Numéro 4 - Avril 2023

Bulletin des arrêts des chambres civiles

Bulletin des arrêts des chambres civiles

Numéro 4 - Avril 2023

ETAT

1re Civ., 13 avril 2023, n° 18-20.915, (B), FS

Rejet

Etat étranger – Immunité d'exécution – Exclusion – Renonciation expresse de l'Etat – Cas – Créances fiscales

Dès lors que les biens d'un Etat ne sont pas spécifiquement utilisés ou destinés à être utilisés dans l'exercice des missions diplomatiques ou consulaires, la renonciation expresse de cet Etat à l'immunité d'exécution suffit pour que les actifs en cause puissent faire l'objet d'une mesure d'exécution, peu important que ceux-ci aient consisté en des créances fiscales, sans que soit en outre requise une renonciation spéciale.

Le principe d'unicité du patrimoine implique que les dettes nées à l'occasion de l'activité d'une succursale puissent être poursuivies au lieu du siège de la société, y compris s'agissant d'une dette fiscale engendrée par l'activité exercée, sur le territoire d'un Etat étranger, par la succursale d'une société ayant son siège en France.

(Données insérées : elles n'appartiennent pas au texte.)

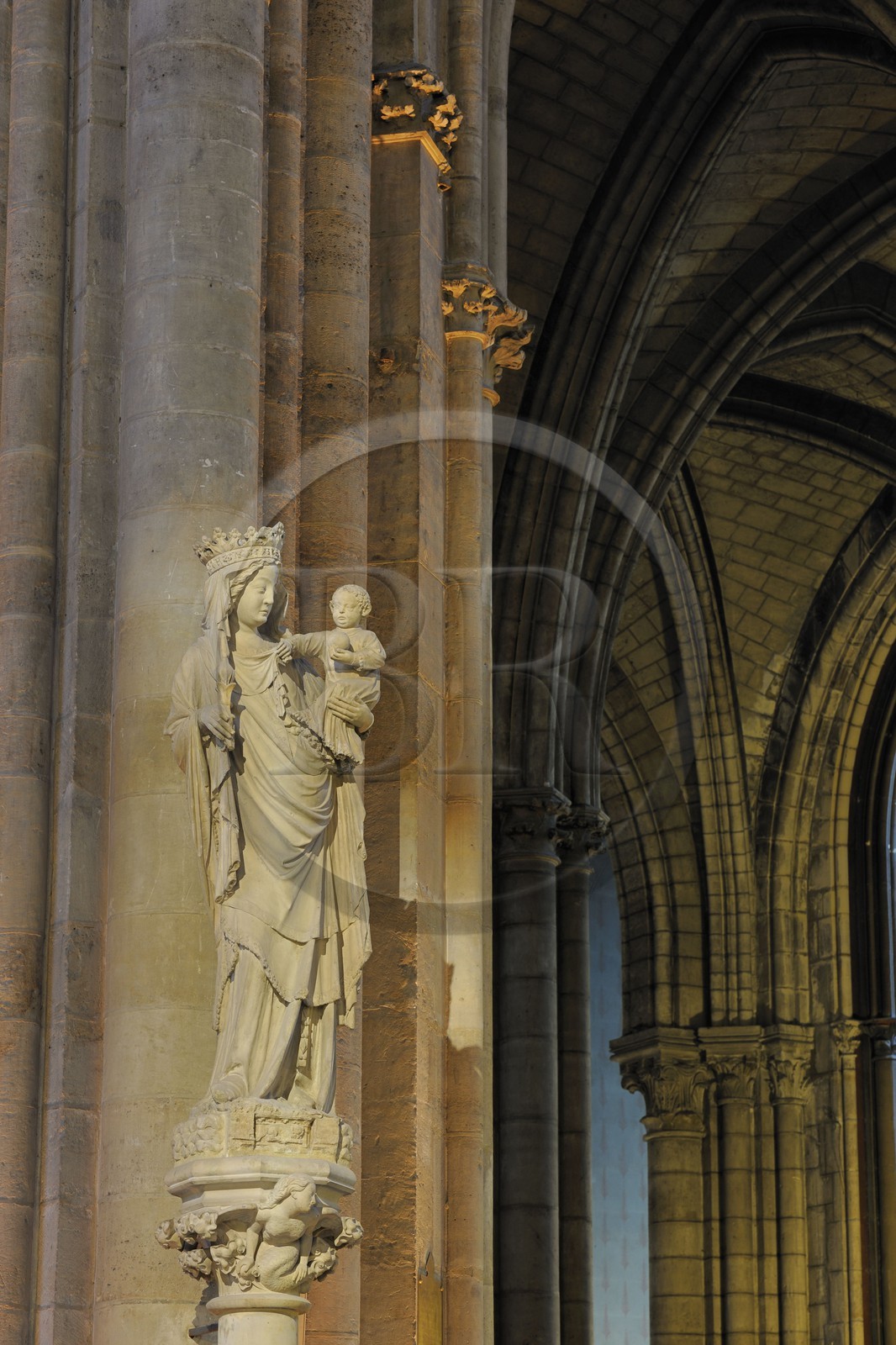 France, Paris (75), île de la Cité, la cathédrale Notre-Dame, le choeur, la Vierge à l’Enfant priée sous le vocable de « Notre Dame de Paris »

Par ailleurs, si l'établissement de l'impôt et son recouvrement sur son propre territoire constituent des prérogatives de puissance publique d'un État souverain et si le principe de territorialité des voies d'exécution fait obstacle à ce qu'un Etat recouvre ses créances fiscales sur le territoire d'un autre Etat par d'autres voies que celles de la coopération inter-étatique, en revanche, dès lors qu'un Etat étranger renonce à son immunité d'exécution, aucun principe ne s'oppose à ce que les créances fiscales que celui-ci détient sur des redevables domiciliés en France fassent l'objet de mesures d'exécution de droit commun de la part du créancier bénéficiaire de cette renonciation.

Faits et procédure

1. Selon l'arrêt attaqué (Paris, 3 mai 2018), en novembre 2016, la société COMMISIMPEX a, en exécution d'une sentence arbitrale condamnant la République du Congo à lui payer diverses sommes, pratiqué une saisie-attribution de créances entre les mains de la société EDF Africa Services, redevable à la République du Congo de différents impôts et taxes.

2. La République du Congo a saisi un juge de l'exécution en nullité et mainlevée de la mesure.

Examen du moyen

Sur le moyen, pris en sa troisième branche

Enoncé du moyen

3. La République du Congo fait grief à l'arrêt de rejeter sa demande en nullité et mainlevée de la saisie-attribution, alors « que si les Etats peuvent renoncer, par écrit, à l'immunité d'exécution dont ils disposent sur des biens ou des catégories de biens utilisés ou destinés à être utilisés à des fins publiques, cette renonciation n'est valable qu'à la condition d'être expresse et spéciale, en mentionnant les biens ou catégories de biens pour lesquels la renonciation est consentie ; que les créances de nature fiscale ou sociale d'un Etat sont des biens qui sont par nature attachés à l'exercice de prérogatives de puissance publique, de sorte qu'elles ne peuvent faire l'objet de voies d'exécution exercées par un tiers qu'à la condition que l'Etat concerné ait renoncé spécifiquement à son immunité d'exécution sur ces créances ; que, pour valider la saisie-attribution litigieuse, la cour d'appel, par motifs propres et adoptés, a retenu que dès lors qu'il n'était pas soutenu que les biens saisis seraient utilisés ou destinés à être utilisés dans l'exercice des fonctions de la mission diplomatique ou des postes consulaires de la République du Congo, de ses missions spéciales ou de ses missions auprès des organisations internationales, il s'en inférait que conformément aux principes du droit international coutumier, repris par la loi n° 2016-1691 du 9 décembre 2016, en présence d'une renonciation expresse de la République du Congo à son immunité d'exécution, ces créances pouvaient faire l'objet d'une mesure d'exécution, peu important que les biens saisis soient spécifiquement utilisés ou destinés à être utilisés à des fins spécifiques non commerciales, qu'il s'agisse de créances fiscales et que la créance cause de la saisie n'ait aucun lien avec l'objet de la saisie ; qu'en statuant de la sorte, quand il résultait de ses propres constatations que la saisie-attribution du 15 novembre 2016 n'avait permis d'appréhender que des sommes dont la société EDF Africa Services, par le biais de sa succursale Hema Congo, était redevable envers la République du Congo au titre de dettes fiscales, de sorte que des mesures d'exécution forcée ne pouvaient être diligentées sur ces sommes qu'à la condition que la République du Congo ait spécifiquement renoncé à son immunité d'exécution sur ces créances, la cour d'appel a encore violé l'article L. 111-1 du code des procédures civiles d'exécution. »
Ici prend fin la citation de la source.